INFORMATION SUPPLIED ->
____________________

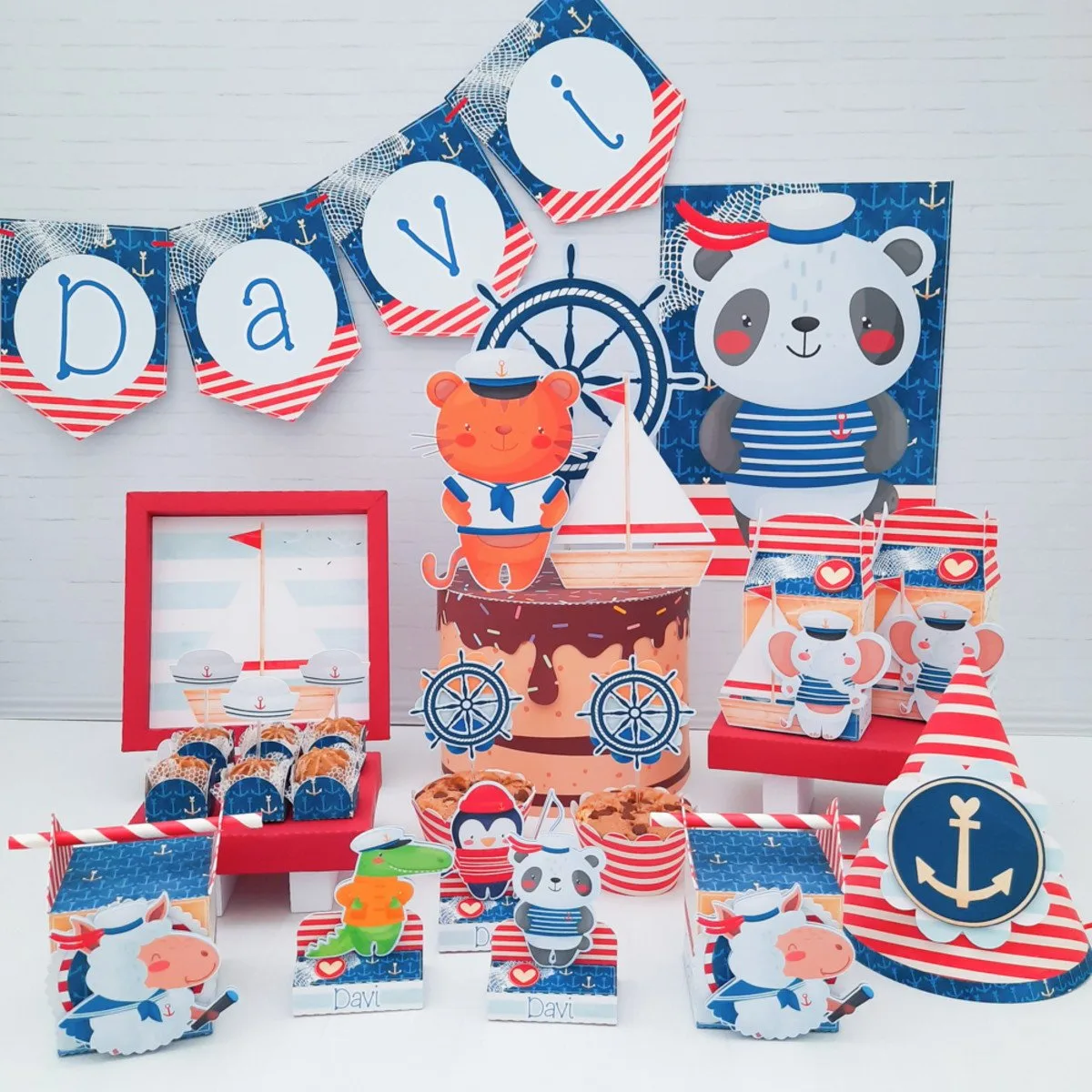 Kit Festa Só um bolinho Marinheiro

____________________

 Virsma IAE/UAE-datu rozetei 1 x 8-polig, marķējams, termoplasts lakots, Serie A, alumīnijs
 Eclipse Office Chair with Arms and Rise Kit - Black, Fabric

____________________

AIM OF THE TASK -> Would you copy out exactly the lines above that start at the one containing "Virsma IAE/UAE-datu rozetei" and end at the one containing "Eclipse Office Chair", inclusive?

SOLUTION FOR THIS TASK ->
 Virsma IAE/UAE-datu rozetei 1 x 8-polig, marķējams, termoplasts lakots, Serie A, alumīnijs
 Eclipse Office Chair with Arms and Rise Kit - Black, Fabric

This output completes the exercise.